À un moment, alors qu’il représentait le bureau de la Révolte comme un nid de conspirateurs, je l’interrompis en objectant que, le moindre mouvement ne pouvant se produire dans Paris sans que, de suite, j’eusse une demi-douzaine de perquisitions à subir, il aurait fallu que je fusse le dernier des idiots pour tenter d’y faire de la conspiration.

À un autre moment, il lut un article que, sans aucune preuve — puisque les articles dans la Révolte n’étaient pas signés — il m’attribuait. Pas plus, du reste, que n’était signé l’entrefilet que m’attribuait Bulot et qui lui pesait si fort sur la conscience. Mais tout est bon contre son chien lorsqu’on veut s’en défaire. Du reste l’un et l’autre étaient bien de moi.

Quand je dis qu’il lut l’article, c’était, naturellement, des extraits habilement choisis et isolés du contexte. Aussi, lorsqu’il eut terminé sa lecture, je lui demandai de bien vouloir lire la suite. Car je me rappelais très bien l’article. Il fit signe qu’il ne possédait pas cette suite.

— Maître Saint-Auban va vous la lire, fis-je.

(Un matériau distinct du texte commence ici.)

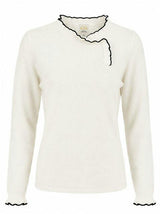 Ruffle Neck Knit Top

Mais Saint-Auban n’avait pas cru devoir apporter la collection de la Révolte que je lui avais fait passer. Je dus y suppléer de mémoire.

Je n’ai pas à refaire ici le compte rendu du procès. Tout le monde connaît les spirituelles reparties de Fénéon. Il n’y eut pas un seul défaillant. Tout le monde fut digne. Dans sa plaidoirie, Saint-Auban fut éloquent[1].

Parmi les témoins, défilèrent les notables de Ficquefleur, où Émile Henry et ses complices avaient fait une si belle rafle. C’étaient, le maire surtout, des spécimens de bourgeois bavards, vaniteux et prétentieux. Bulot, du reste, se paya leur tête d’une belle façon.

  1. Les deux plaidoiries de Saint-Auban ont paru dans le volume L’Histoire sociale au Palais de Justice, chez Pédone.